(Data shown Opens)
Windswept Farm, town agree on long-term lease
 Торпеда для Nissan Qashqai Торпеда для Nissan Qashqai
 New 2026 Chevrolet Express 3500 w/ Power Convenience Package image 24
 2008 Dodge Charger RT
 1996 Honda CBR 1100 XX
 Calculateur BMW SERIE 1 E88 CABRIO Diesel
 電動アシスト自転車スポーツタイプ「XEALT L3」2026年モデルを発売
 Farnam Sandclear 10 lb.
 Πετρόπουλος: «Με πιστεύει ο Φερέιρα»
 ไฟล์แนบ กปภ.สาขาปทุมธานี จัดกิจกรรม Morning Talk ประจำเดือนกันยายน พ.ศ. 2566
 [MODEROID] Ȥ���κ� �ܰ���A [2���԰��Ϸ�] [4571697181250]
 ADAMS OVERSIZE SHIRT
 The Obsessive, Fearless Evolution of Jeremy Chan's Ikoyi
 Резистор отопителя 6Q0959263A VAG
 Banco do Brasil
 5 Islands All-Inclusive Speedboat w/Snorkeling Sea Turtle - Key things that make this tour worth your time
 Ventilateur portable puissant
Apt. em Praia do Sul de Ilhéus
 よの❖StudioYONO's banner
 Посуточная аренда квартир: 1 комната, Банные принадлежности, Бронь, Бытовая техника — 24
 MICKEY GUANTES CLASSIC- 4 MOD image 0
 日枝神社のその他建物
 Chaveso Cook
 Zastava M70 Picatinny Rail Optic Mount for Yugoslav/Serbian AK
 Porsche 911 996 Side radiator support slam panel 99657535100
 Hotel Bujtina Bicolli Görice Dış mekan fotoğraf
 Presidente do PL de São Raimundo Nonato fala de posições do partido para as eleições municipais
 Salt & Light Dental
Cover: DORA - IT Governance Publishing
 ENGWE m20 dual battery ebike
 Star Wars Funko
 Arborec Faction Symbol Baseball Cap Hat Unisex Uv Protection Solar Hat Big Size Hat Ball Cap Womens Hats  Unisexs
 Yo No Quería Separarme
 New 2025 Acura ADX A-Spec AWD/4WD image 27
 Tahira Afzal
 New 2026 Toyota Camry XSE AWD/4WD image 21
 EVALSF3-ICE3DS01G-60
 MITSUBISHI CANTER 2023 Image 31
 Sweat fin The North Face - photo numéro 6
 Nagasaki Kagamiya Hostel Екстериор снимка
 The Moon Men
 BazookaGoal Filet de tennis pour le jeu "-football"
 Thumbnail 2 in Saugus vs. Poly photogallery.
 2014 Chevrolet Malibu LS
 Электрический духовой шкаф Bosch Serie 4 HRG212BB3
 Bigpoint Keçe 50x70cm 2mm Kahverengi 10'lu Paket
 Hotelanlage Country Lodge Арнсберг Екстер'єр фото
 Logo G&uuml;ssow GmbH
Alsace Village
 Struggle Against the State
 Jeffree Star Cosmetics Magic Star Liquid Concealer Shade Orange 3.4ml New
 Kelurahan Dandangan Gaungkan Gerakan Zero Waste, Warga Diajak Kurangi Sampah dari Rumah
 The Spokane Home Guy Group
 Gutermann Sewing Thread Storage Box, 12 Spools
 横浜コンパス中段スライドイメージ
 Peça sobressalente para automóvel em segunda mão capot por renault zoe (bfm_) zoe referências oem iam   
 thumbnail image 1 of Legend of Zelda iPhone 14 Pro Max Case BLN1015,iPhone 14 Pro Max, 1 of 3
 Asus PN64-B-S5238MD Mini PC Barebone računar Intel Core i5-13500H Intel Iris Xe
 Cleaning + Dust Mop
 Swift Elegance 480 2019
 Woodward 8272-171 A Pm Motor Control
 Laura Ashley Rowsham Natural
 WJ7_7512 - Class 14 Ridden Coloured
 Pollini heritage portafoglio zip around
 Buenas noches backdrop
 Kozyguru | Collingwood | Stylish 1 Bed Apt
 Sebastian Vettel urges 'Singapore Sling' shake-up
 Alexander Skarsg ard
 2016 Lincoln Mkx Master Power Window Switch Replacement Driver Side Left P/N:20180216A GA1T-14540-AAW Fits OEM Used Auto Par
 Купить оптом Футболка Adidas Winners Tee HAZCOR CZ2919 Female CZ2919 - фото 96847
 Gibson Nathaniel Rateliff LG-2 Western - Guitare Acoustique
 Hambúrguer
(Data shown Closes)
**About this exercise**.
Repeat the records above exactly as they appear.

**Exercise solution**.
Windswept Farm, town agree on long-term lease
 Торпеда для Nissan Qashqai Торпеда для Nissan Qashqai
 New 2026 Chevrolet Express 3500 w/ Power Convenience Package image 24
 2008 Dodge Charger RT
 1996 Honda CBR 1100 XX
 Calculateur BMW SERIE 1 E88 CABRIO Diesel
 電動アシスト自転車スポーツタイプ「XEALT L3」2026年モデルを発売
 Farnam Sandclear 10 lb.
 Πετρόπουλος: «Με πιστεύει ο Φερέιρα»
 ไฟล์แนบ กปภ.สาขาปทุมธานี จัดกิจกรรม Morning Talk ประจำเดือนกันยายน พ.ศ. 2566
 [MODEROID] Ȥ���κ� �ܰ���A [2���԰��Ϸ�] [4571697181250]
 ADAMS OVERSIZE SHIRT
 The Obsessive, Fearless Evolution of Jeremy Chan's Ikoyi
 Резистор отопителя 6Q0959263A VAG
 Banco do Brasil
 5 Islands All-Inclusive Speedboat w/Snorkeling Sea Turtle - Key things that make this tour worth your time
 Ventilateur portable puissant
Apt. em Praia do Sul de Ilhéus
 よの❖StudioYONO's banner
 Посуточная аренда квартир: 1 комната, Банные принадлежности, Бронь, Бытовая техника — 24
 MICKEY GUANTES CLASSIC- 4 MOD image 0
 日枝神社のその他建物
 Chaveso Cook
 Zastava M70 Picatinny Rail Optic Mount for Yugoslav/Serbian AK
 Porsche 911 996 Side radiator support slam panel 99657535100
 Hotel Bujtina Bicolli Görice Dış mekan fotoğraf
 Presidente do PL de São Raimundo Nonato fala de posições do partido para as eleições municipais
 Salt & Light Dental
Cover: DORA - IT Governance Publishing
 ENGWE m20 dual battery ebike
 Star Wars Funko
 Arborec Faction Symbol Baseball Cap Hat Unisex Uv Protection Solar Hat Big Size Hat Ball Cap Womens Hats  Unisexs
 Yo No Quería Separarme
 New 2025 Acura ADX A-Spec AWD/4WD image 27
 Tahira Afzal
 New 2026 Toyota Camry XSE AWD/4WD image 21
 EVALSF3-ICE3DS01G-60
 MITSUBISHI CANTER 2023 Image 31
 Sweat fin The North Face - photo numéro 6
 Nagasaki Kagamiya Hostel Екстериор снимка
 The Moon Men
 BazookaGoal Filet de tennis pour le jeu "-football"
 Thumbnail 2 in Saugus vs. Poly photogallery.
 2014 Chevrolet Malibu LS
 Электрический духовой шкаф Bosch Serie 4 HRG212BB3
 Bigpoint Keçe 50x70cm 2mm Kahverengi 10'lu Paket
 Hotelanlage Country Lodge Арнсберг Екстер'єр фото
 Logo G&uuml;ssow GmbH
Alsace Village
 Struggle Against the State
 Jeffree Star Cosmetics Magic Star Liquid Concealer Shade Orange 3.4ml New
 Kelurahan Dandangan Gaungkan Gerakan Zero Waste, Warga Diajak Kurangi Sampah dari Rumah
 The Spokane Home Guy Group
 Gutermann Sewing Thread Storage Box, 12 Spools
 横浜コンパス中段スライドイメージ
 Peça sobressalente para automóvel em segunda mão capot por renault zoe (bfm_) zoe referências oem iam   
 thumbnail image 1 of Legend of Zelda iPhone 14 Pro Max Case BLN1015,iPhone 14 Pro Max, 1 of 3
 Asus PN64-B-S5238MD Mini PC Barebone računar Intel Core i5-13500H Intel Iris Xe
 Cleaning + Dust Mop
 Swift Elegance 480 2019
 Woodward 8272-171 A Pm Motor Control
 Laura Ashley Rowsham Natural
 WJ7_7512 - Class 14 Ridden Coloured
 Pollini heritage portafoglio zip around
 Buenas noches backdrop
 Kozyguru | Collingwood | Stylish 1 Bed Apt
 Sebastian Vettel urges 'Singapore Sling' shake-up
 Alexander Skarsg ard
 2016 Lincoln Mkx Master Power Window Switch Replacement Driver Side Left P/N:20180216A GA1T-14540-AAW Fits OEM Used Auto Par
 Купить оптом Футболка Adidas Winners Tee HAZCOR CZ2919 Female CZ2919 - фото 96847
 Gibson Nathaniel Rateliff LG-2 Western - Guitare Acoustique
 Hambúrguer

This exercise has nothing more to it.